The Speed Freak Killers
Herzog Continues Implicating His Friend
Herzog also detailed how he and Shermantine had asked Cyndi Vanderheiden to meet them at the cemetery near her home after leaving another bar, The Linden Inn, the night her mother said she had heard Cyndi pull into the driveway of their home. According to Herzog, the three of them had left that bar sometime after midnight, which would have been prior to her going to the Old Corner Saloon in Clements. It was not clear why Cyndi had left the Old Corner Saloon and ended up at The Linden Inn, but investigators apparently located people who had seen the three together at The Linden Inn. For some reason, Vanderheiden had gone home, at least briefly, before leaving for the cemetery. After Vanderheiden apparently met up with Herzog and Shermantine and left her car at the cemetery, the trio was en route back to Linden when Shermantine supposedly pulled a knife and ordered Cyndi to perform oral sex on him. According to Herzog's statement, Shermantine then stopped the car, raped Cyndi, and then slashed her throat. At least part of Herzog's account was corroborated when detectives found Cyndi's blood on the passenger-side headrest and inside the trunk of Shermantine's car, and collected the accounts of the witnesses who had seen the trio together at The Linden Inn.
Herzog also implicated his friend in the shooting death of a hunter in northern Utah in 1994 while he and Shermantine were on vacation, according to what authorities told The Record newspaper. Law enforcement officials reportedly confirmed the hunter's death to the newspaper, and said that they were still treating his death as an unsolved murder.
Shortly after Herzog's and Shermantine's arrests, FBI agents raided Shermantine's parents' home in San Andreas and confiscated nearly $40,000 worth of guns, which were examined by evidence technicians attempting to link them to other unsolved crimes. The effort, however, appears to have been futile.
Shermantine, upon learning of Herzog's statements to police, struck back by insisting that Herzog, and Herzog alone, was to blame for Cyndi Vanderheiden's death. Shermantine also provided information implying that he might know the location of Vanderheiden's corpse and of other bodies.
Doug Jacobsen, Shermantine's attorney, showed Shermantine a copy of the videotaped interview that Herzog gave to police, prompting Shermantine's to respond.

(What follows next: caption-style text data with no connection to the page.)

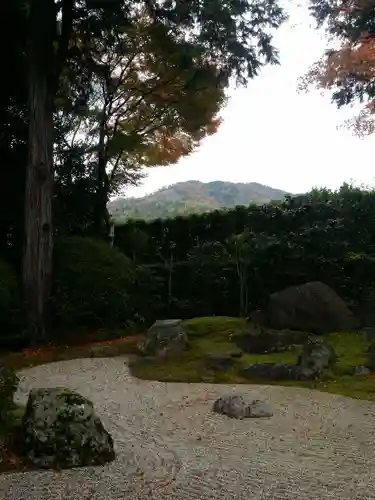 真正極楽寺（真如堂）の庭園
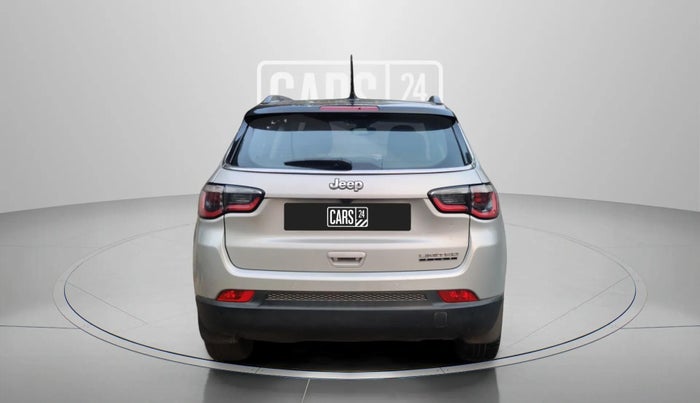 2019 Jeep Compass LIMITED PLUS PETROL AT, Petrol, Automatic, 43,779 km, Back/Rear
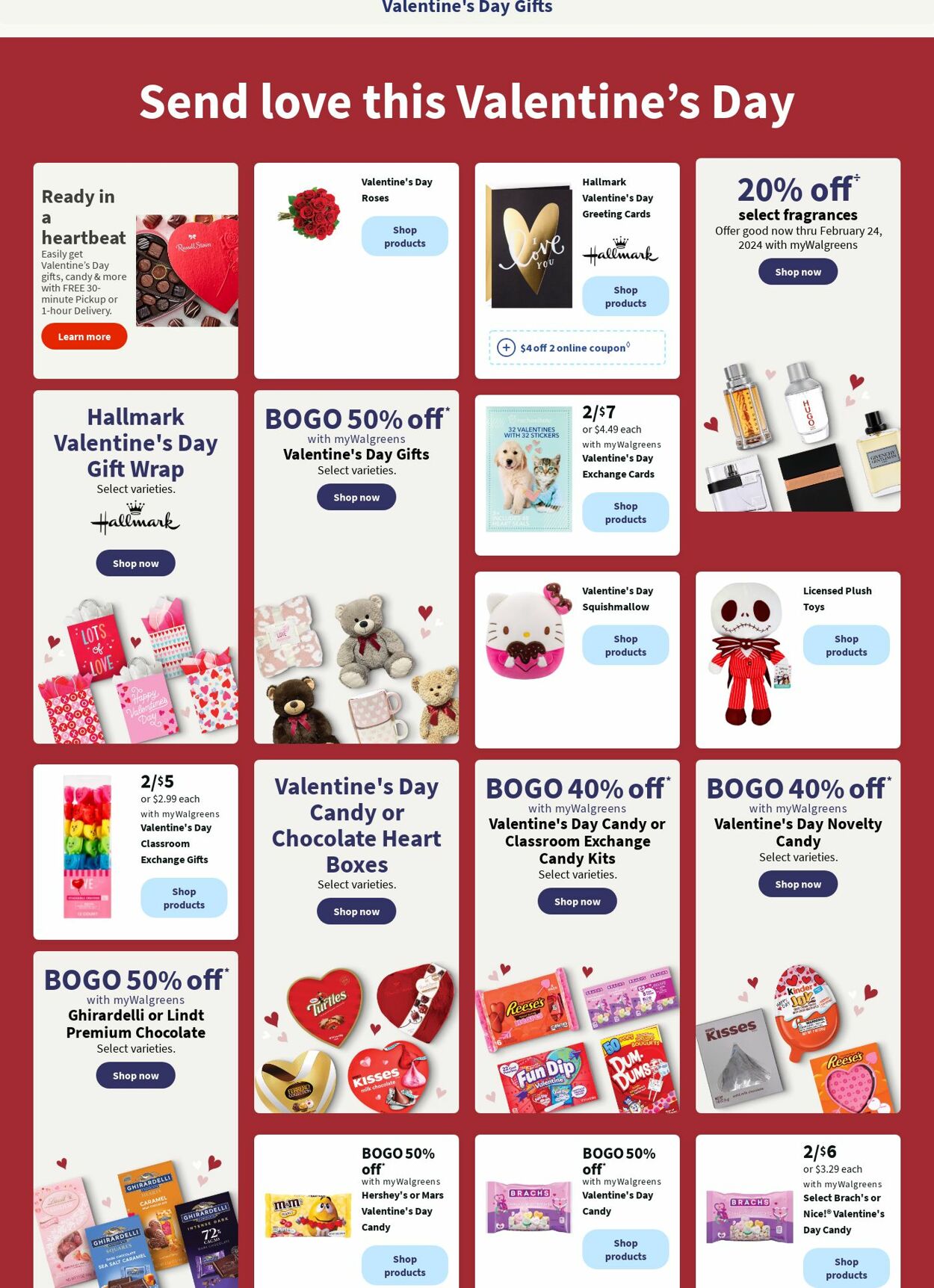 Walgreens Ad from 02/05/2024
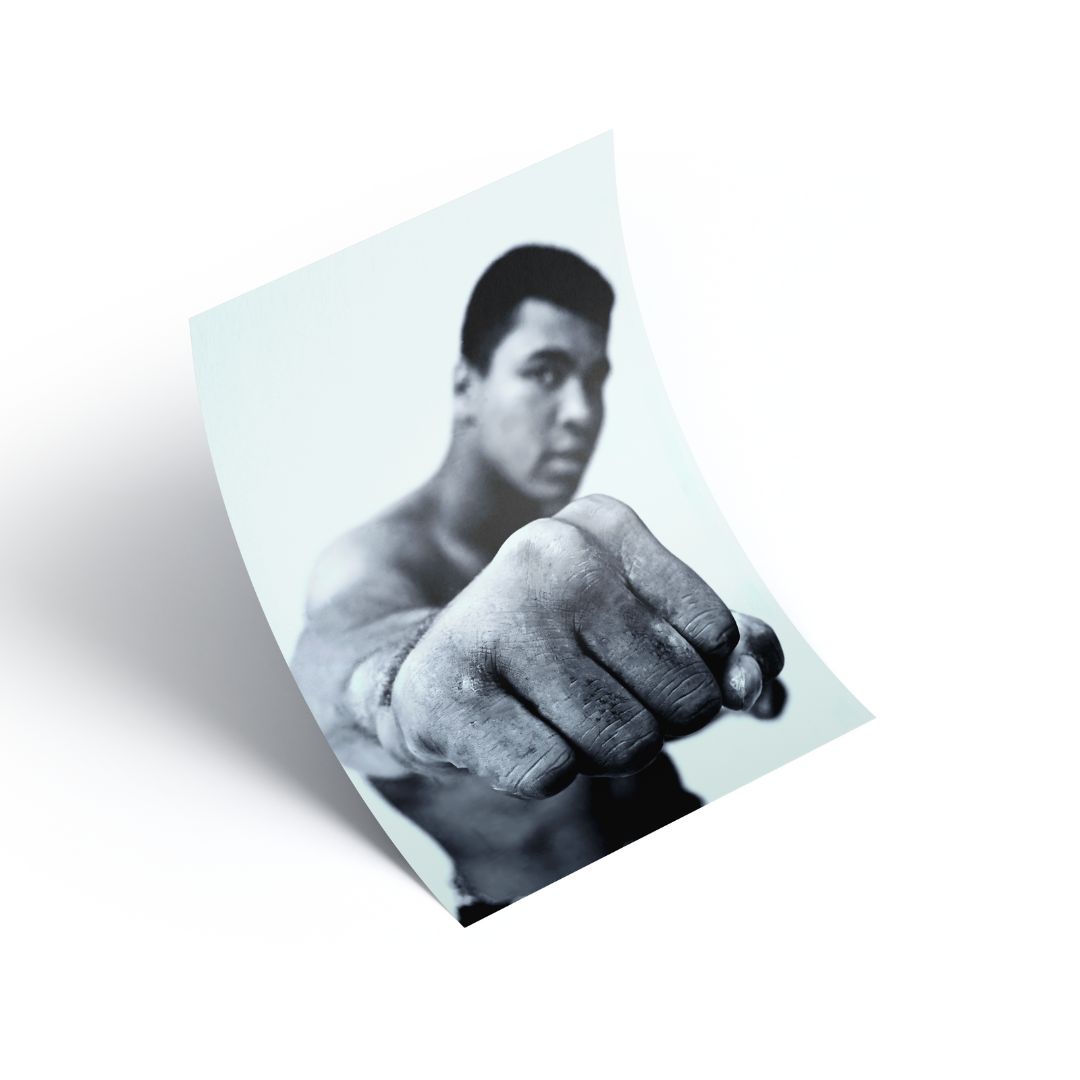 Ali's fist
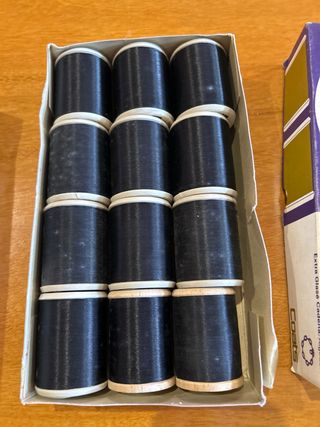 Hilo Coats Extra Glasé Cadena 450m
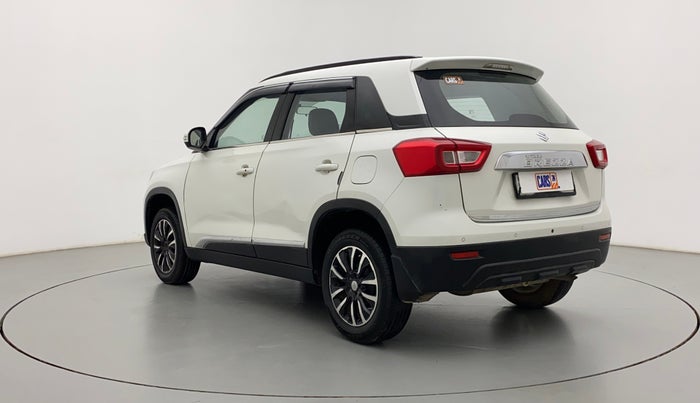 2020 Maruti Vitara Brezza VXI, Petrol, Manual, 70,777 km, Left Back Diagonal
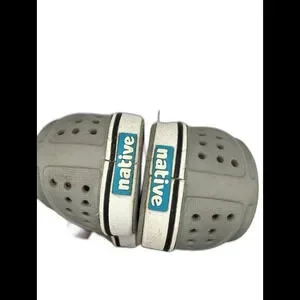 Native Shoes For Girls Or Boys In Grey Size5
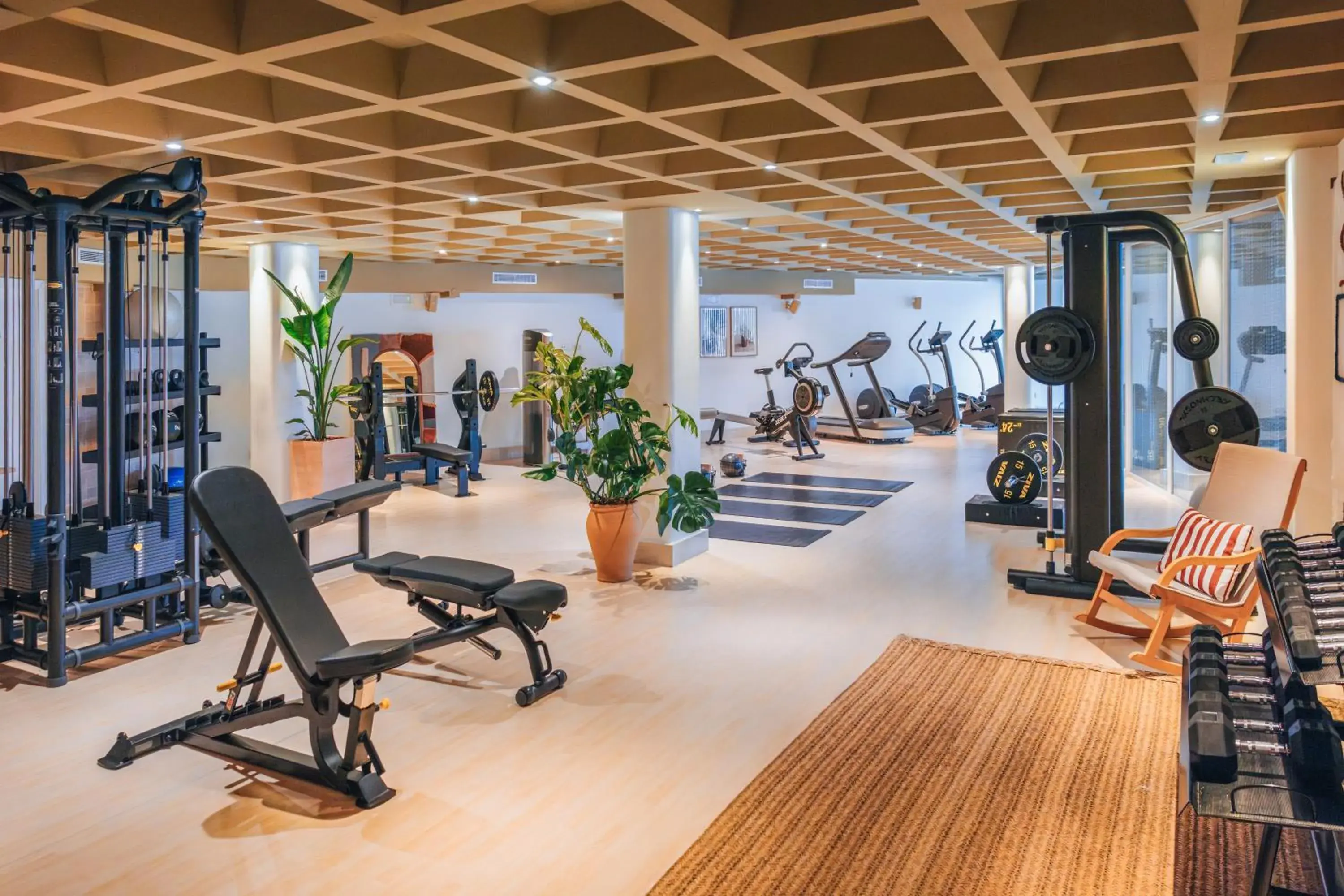 Fitness centre/facilities in Zel Mallorca Fitness centre/facilities in Zel Mallorca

"The more I've heard about all the stuff I'm supposed to have done, the madder I get," Shermantine told a reporter for The Record. "I'm tired of being used and manipulated by Loren. If Loren can give details about all these murders, it must mean he's the one that did them. I'm innocent. I've done nothing wrong to any of these people....With everything Loren told the detectives, I'd bet my life there were other bodies out there."
It was reported by The Record that authorities were also looking at Herzog and Shermantine as potential suspects in the 1994 murder of a woman in Tuolumne County. The woman's body had been dismembered and was found inside a barrel.
According to Herzog's statement, he had only watched as Shermantine committed the killings. Although both men were only charged with a handful of killings, prosecutors believe that between Herzog and Shermantine they may have been responsible for as many as 20 deaths, although they remain uncertain as to the exact body count.